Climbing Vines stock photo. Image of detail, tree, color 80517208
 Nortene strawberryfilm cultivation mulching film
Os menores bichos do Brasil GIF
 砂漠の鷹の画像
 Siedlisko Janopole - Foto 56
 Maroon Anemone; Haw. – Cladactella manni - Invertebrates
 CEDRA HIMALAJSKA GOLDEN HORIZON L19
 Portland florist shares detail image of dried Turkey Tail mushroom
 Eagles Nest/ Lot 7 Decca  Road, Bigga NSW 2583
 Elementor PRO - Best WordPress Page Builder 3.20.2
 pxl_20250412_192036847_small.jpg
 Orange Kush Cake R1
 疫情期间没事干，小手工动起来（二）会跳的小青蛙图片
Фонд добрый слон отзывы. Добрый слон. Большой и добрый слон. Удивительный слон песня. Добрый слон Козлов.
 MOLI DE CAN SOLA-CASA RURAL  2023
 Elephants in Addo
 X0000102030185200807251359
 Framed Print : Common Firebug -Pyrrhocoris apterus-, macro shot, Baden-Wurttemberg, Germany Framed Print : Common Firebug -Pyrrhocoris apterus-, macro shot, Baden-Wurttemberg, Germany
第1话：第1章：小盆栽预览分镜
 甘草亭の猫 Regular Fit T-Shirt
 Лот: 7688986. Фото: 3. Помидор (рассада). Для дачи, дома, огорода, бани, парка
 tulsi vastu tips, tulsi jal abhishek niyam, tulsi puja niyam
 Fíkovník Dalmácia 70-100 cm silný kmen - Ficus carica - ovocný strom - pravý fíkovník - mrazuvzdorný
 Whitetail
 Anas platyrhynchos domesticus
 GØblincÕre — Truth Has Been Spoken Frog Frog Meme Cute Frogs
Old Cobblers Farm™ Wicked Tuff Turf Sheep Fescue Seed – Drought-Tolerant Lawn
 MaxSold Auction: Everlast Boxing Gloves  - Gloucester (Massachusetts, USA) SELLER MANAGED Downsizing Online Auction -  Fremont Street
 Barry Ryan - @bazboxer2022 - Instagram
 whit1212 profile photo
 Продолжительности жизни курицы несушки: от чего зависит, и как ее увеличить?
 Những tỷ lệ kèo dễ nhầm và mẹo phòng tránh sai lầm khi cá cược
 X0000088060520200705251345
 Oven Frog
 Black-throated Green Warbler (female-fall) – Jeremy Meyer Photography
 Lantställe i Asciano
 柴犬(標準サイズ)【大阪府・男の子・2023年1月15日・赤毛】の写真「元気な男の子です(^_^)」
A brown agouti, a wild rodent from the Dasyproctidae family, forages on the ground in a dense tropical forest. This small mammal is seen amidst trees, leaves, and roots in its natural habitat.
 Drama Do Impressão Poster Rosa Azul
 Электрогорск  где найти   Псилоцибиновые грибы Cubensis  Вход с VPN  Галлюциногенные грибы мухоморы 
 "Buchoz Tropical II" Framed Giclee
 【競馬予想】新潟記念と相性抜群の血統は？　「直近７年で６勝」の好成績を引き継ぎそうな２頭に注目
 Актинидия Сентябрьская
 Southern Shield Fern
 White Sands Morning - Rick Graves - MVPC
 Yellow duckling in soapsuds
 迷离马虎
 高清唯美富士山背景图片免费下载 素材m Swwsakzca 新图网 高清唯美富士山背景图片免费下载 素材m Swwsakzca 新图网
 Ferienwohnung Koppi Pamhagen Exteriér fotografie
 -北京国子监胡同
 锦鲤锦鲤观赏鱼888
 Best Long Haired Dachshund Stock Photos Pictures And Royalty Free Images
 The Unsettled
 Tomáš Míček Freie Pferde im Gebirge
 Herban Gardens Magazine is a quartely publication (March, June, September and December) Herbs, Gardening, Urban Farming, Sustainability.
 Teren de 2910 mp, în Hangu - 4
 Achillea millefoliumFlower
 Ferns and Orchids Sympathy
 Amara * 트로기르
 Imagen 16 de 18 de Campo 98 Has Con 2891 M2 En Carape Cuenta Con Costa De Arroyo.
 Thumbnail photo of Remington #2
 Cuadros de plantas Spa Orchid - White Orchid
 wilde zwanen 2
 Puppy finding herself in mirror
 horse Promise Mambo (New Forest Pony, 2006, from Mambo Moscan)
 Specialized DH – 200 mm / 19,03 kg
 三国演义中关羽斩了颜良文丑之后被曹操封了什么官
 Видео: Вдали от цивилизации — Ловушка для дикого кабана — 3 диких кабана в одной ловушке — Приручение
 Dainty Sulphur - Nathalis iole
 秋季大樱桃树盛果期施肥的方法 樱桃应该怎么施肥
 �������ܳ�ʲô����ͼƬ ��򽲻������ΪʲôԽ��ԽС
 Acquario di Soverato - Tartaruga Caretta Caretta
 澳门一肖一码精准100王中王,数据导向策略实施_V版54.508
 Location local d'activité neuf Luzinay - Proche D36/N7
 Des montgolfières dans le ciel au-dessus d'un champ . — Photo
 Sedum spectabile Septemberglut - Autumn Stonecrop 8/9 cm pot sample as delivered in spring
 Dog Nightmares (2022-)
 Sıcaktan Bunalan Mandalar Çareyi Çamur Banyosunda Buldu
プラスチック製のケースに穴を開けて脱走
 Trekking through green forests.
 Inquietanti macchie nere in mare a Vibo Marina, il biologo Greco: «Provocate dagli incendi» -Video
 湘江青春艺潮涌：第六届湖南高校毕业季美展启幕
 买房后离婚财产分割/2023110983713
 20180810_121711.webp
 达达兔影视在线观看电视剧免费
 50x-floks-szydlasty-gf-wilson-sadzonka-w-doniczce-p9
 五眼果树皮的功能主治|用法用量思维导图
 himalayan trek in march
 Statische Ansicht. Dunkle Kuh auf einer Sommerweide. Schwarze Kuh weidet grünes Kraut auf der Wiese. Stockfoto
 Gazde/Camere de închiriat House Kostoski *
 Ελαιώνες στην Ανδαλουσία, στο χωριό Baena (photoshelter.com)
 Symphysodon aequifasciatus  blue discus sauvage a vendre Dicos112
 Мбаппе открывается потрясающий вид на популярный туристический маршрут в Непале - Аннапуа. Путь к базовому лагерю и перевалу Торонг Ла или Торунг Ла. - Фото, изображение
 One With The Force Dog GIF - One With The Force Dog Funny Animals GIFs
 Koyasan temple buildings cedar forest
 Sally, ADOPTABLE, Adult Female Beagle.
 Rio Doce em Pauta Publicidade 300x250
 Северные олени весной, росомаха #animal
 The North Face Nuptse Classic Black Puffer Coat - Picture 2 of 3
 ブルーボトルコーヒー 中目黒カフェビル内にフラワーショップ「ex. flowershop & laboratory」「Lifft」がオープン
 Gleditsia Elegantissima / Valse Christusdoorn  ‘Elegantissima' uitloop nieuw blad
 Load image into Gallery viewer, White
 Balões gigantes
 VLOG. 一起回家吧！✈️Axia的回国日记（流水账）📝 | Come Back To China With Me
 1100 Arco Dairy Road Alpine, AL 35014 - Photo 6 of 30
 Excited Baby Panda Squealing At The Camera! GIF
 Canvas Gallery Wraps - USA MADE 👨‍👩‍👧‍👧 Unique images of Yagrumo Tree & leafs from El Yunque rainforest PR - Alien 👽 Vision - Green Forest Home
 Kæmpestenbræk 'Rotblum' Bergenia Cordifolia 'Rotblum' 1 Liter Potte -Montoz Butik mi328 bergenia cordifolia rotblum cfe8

ASSIGNED TASK:
In the answer, please give only the lines from the line containing "Load image into Gallery viewer, White" through the final line of the data, copied exactly.

EXERCISE RESULT:
 Load image into Gallery viewer, White
 Balões gigantes
 VLOG. 一起回家吧！✈️Axia的回国日记（流水账）📝 | Come Back To China With Me
 1100 Arco Dairy Road Alpine, AL 35014 - Photo 6 of 30
 Excited Baby Panda Squealing At The Camera! GIF
 Canvas Gallery Wraps - USA MADE 👨‍👩‍👧‍👧 Unique images of Yagrumo Tree & leafs from El Yunque rainforest PR - Alien 👽 Vision - Green Forest Home
 Kæmpestenbræk 'Rotblum' Bergenia Cordifolia 'Rotblum' 1 Liter Potte -Montoz Butik mi328 bergenia cordifolia rotblum cfe8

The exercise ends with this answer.